━━ SOURCE DATA ━━

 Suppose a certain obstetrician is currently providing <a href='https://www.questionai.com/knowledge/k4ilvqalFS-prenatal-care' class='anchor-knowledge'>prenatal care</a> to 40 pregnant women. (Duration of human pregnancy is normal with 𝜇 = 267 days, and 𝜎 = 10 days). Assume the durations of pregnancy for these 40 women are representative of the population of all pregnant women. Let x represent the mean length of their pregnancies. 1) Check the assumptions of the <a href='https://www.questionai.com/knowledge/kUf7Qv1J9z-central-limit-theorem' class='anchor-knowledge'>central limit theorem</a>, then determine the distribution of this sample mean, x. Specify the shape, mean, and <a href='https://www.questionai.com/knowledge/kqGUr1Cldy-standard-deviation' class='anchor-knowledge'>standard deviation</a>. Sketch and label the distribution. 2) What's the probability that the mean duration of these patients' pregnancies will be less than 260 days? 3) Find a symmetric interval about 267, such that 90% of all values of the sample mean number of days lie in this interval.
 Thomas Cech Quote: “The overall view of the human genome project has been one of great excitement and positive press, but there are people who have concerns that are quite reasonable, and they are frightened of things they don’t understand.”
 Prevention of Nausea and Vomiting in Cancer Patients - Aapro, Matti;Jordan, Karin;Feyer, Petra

━━━

### WORK REQUEST
Return the full listing. Leave every word as it stands.

### WORKED SOLUTION
 Suppose a certain obstetrician is currently providing <a href='https://www.questionai.com/knowledge/k4ilvqalFS-prenatal-care' class='anchor-knowledge'>prenatal care</a> to 40 pregnant women. (Duration of human pregnancy is normal with 𝜇 = 267 days, and 𝜎 = 10 days). Assume the durations of pregnancy for these 40 women are representative of the population of all pregnant women. Let x represent the mean length of their pregnancies. 1) Check the assumptions of the <a href='https://www.questionai.com/knowledge/kUf7Qv1J9z-central-limit-theorem' class='anchor-knowledge'>central limit theorem</a>, then determine the distribution of this sample mean, x. Specify the shape, mean, and <a href='https://www.questionai.com/knowledge/kqGUr1Cldy-standard-deviation' class='anchor-knowledge'>standard deviation</a>. Sketch and label the distribution. 2) What's the probability that the mean duration of these patients' pregnancies will be less than 260 days? 3) Find a symmetric interval about 267, such that 90% of all values of the sample mean number of days lie in this interval.
 Thomas Cech Quote: “The overall view of the human genome project has been one of great excitement and positive press, but there are people who have concerns that are quite reasonable, and they are frightened of things they don’t understand.”
 Prevention of Nausea and Vomiting in Cancer Patients - Aapro, Matti;Jordan, Karin;Feyer, Petra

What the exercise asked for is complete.